Los Angeles Times. At the very beginning in Latakia, the crowds would come out on a Friday after the noon prayer and this was like they have it. And so they would come out and they’d start, you know, we want freedom, we want democracy. We want bla bla bla. OK, then the police, of course, would be there around in anticipation. And at the beginning the police did have weapons. But if you fire on a policeman or a soldier, his training will be to fire back.
That’s his training. OK, so that’s what they did. They fired on the security forces, whether they be city policemen or army. They fired on them knowing that they’re going to get a reply.
And as many dead, innocent civilians protesting in the street, this is furthering their cause. This is what they want. So this happened. Then the president came out with an order nationwide saying you can, the security forces, can still go and watch the protest, but they cannot carry a weapon. And that goes out. This caused many, many deaths because they followed their orders, yes, they were knifed,
But there were people were the the the protesters slaughtered the policemen. One young policeman I know personally who died 18 years old, he was a soldier doing his national service. And he went to Sheikh Daher later that night under the new order not to carry a weapon. And they cut him actually into pieces. And so he was his body was taken back in a garbage bag, you know, in pieces back to his family to be buried.
I’m sorry, is all of this documented? I mean, for example, the presidential order not to order, oh, yes, yes, the firing of the protesters upon the policemen, is that documented?
Oh, yeah, yes, and the slaughter of this eighteen-years old, for sure. You can send me links. OK, thank you.

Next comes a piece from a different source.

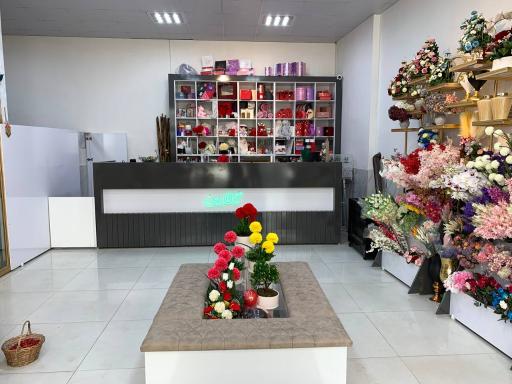 عکس گلسرای گلارین 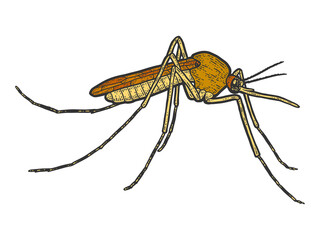 Mosquito insect isolated. Sketch scratch board imitation color.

Latakia, has been very peaceful and stable. We had that initial problem, right. First Daraa, then it came everywhere. It came to Latakia, we had that first taste of, of violence and death and problem then right away the Latakia people, we’re mixed, and we have Christians, Muslims and minorities were very, mixed place here, even refugees, but right away they turned against it, the population here doesn’t accept it, they knew from the beginning, well, almost at the beginning, that this was just a set up of war plan, and they didn’t buy into it, so even the people who are, from the same sect as the rebels, they didn’t support it, so we have very little support in Latakia, and that’s why we’ve been peaceful up to this point.
Notes and References:
Lilly Martin and her son Steven Sahiounie have lived in Latakia, Syria for the past nearly 22 years. Both are active writers and observers of the (manufactured) crisis in Syria. Apr 2014.